→ **Input data**:

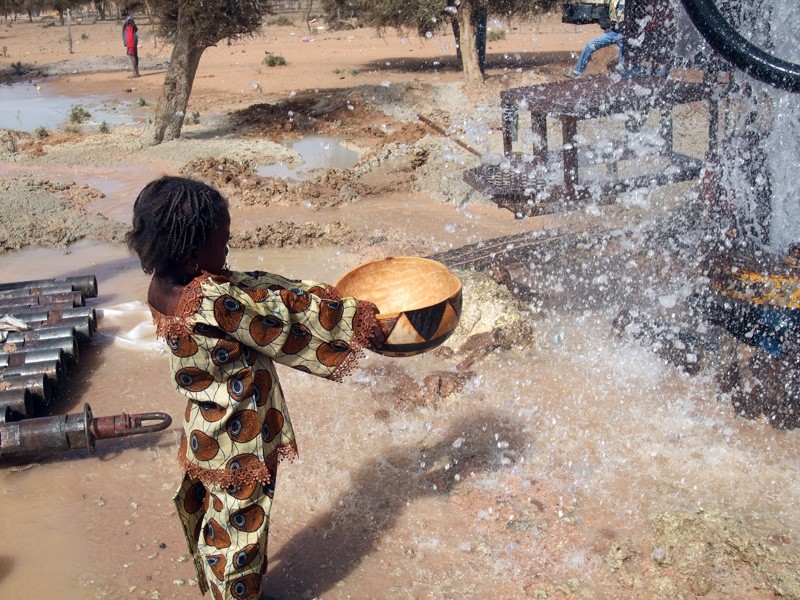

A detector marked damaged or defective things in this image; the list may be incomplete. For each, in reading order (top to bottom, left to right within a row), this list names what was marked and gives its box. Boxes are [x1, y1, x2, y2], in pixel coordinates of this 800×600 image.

rusty metal pipe [0, 274, 97, 298]
rusty metal pipe [0, 386, 32, 420]
rusty metal pipe [0, 376, 51, 408]
rusty metal pipe [0, 404, 173, 460]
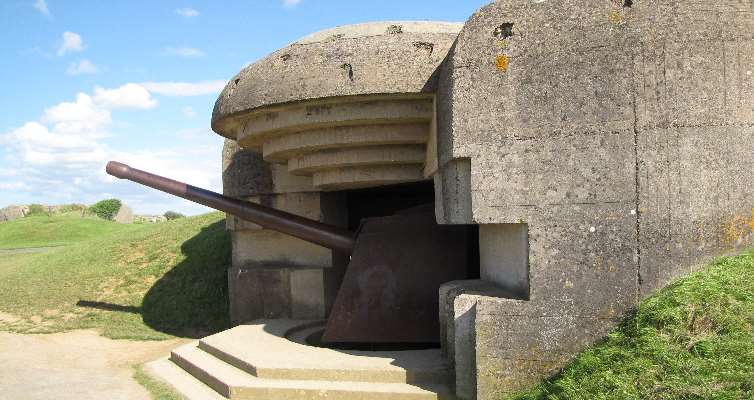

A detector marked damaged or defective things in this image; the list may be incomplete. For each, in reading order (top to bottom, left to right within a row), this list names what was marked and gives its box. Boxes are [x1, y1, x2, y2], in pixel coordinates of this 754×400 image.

rusted metal [103, 160, 358, 252]
rusted metal [320, 209, 468, 344]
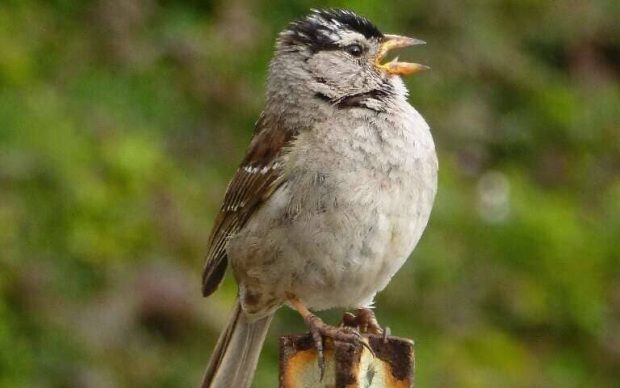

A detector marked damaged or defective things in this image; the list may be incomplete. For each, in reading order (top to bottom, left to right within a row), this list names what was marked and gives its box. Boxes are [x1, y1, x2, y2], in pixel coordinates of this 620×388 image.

rusty metal post [280, 334, 414, 388]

→ **Activity**:
Take every record and copy it word for word, dropping the pictures.

→ **Reply**:
A detector marked damaged or defective things in this image; the list may be incomplete. For each, in reading order (top to bottom, left to right within a row), this list names what was marked and gives its box. Boxes are [x1, y1, x2, y2], in pixel coordinates of this 800×600 image.

rusty metal pipe [0, 274, 97, 298]
rusty metal pipe [0, 386, 32, 420]
rusty metal pipe [0, 376, 51, 408]
rusty metal pipe [0, 404, 173, 460]

A detector marked damaged or defective things in this image; the list may be incomplete. For each, in reading order (top to bottom, left to right within a row), this list names what was marked and gives its box. Boxes are [x1, y1, x2, y2], in pixel coordinates of this 754×400 image.

rusted metal [103, 160, 358, 252]
rusted metal [320, 209, 468, 344]

A detector marked damaged or defective things in this image; the list may be incomplete. For each, in reading order (top to bottom, left to right within a row), this list names what was marked and gives its box. Boxes are [x1, y1, x2, y2], in pixel coordinates of this 620×388 image.

rusty metal post [280, 334, 414, 388]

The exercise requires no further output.